In [10]:
## Add this directory to the path and load our functions
import sys
sys.path.append("../src/")

import paware

import polars as pl

# Indexing the Data

Now that we have vector representation of all of our data, we can load it into a vector database for streamlined access through indexing.

We are using [LanceDB](https://lancedb.github.io/lancedb/) for our database needs, and we are taking advantage of its built in Almost Nearest Neighbors (ANN) index capabilities, provided as a composite inverted file index with product quantization ((IVF_PQ)[https://lancedb.github.io/lancedb/concepts/index_ivfpq/]).
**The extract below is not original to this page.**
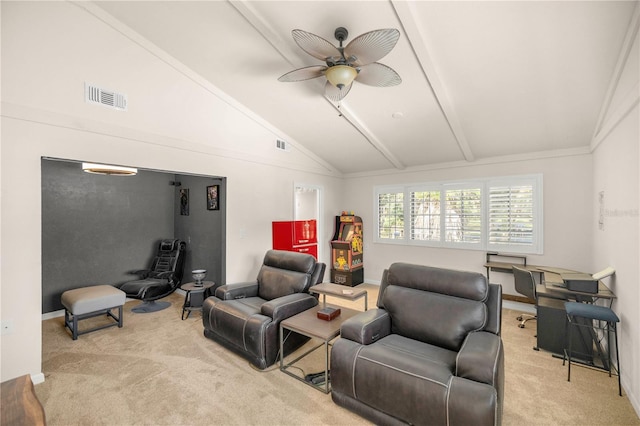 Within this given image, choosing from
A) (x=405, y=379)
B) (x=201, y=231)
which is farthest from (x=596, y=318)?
(x=201, y=231)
The purpose of indexing is to improve retrieval times, while trading off accuracy. We found a set of parameters that worked well for our purposes here, but its possible that we could achieve even faster retrieval with minimal loss in performance by adjusting them.

For this demonstration, we chose the following parameters:

* `EMBEDDING_CONFIG_NAME = demo`: This specifies that we are going to index the "demo" configuration, that we have already processed the embeddings for and to which we have attached our engineered metadata.
* `EMBEDDING_DIR =  "../paw_demo/embedded_subs"`: This tells our indexer where to find the embedded data.
* `INDEX_CONFIG_NAME = "_demo"`: This attaches a label for this specific embedding configuration. In testing, we can index the same data using diffferent indexing parameters, and this allows us to differentiate between them.
* `DB_SAVE_DIR = "../paw_demo/indexed_data"`: This specifies where to save the database table once indexing is complete.
* `METRIC = "cosine"`: Here we chose the metric to be used by the index, our default is `cosine`
* `NUM_PARTITIONS  = 128`: Here we specify how many partitions should be created by the IVF. Our default is 1024 on the full dataset, but for this demo we'll set it much smaller.
* `NUM_SUB_VECTORS = 24`: Here we decide the level of PQ reduction. Our default on the full dataset was 96, and again we chose a smaller number for this demo.
* `ACCELERATOR = 'mps'`: LanceDB supports `'mps'` and `'cuda'` options here. The defaul is `None`.



In [3]:
## Set up the indexing tool
indexing_tool = paware.PawIndex(
    EMBEDDING_CONFIG_NAME = "demo",
    EMBEDDING_DIR =  "../paw_demo/embedded_subs/",
    INDEX_CONFIG_NAME = "_demo",
    DB_SAVE_DIR = "../paw_demo/indexed_db",
    METRIC = "cosine",
    NUM_PARTITIONS  = 128,
    NUM_SUB_VECTORS = 96,
    ACCELERATOR = 'mps',
    )

## Index the data
indexing_tool.index_data()

 52%|█████▏    | 26/50 [00:02<00:01, 12.38it/s]


0it [00:00, ?it/s]

  tensor = torch.from_numpy(arr.to_numpy(zero_copy_only=False))


# Querying the Index

Now the the data is indexed, we can start to query it. At this stage that we can chose to implement several of our strategies for improving the relevance of results. The following parameters define the basic behavior of query and how it will use the index.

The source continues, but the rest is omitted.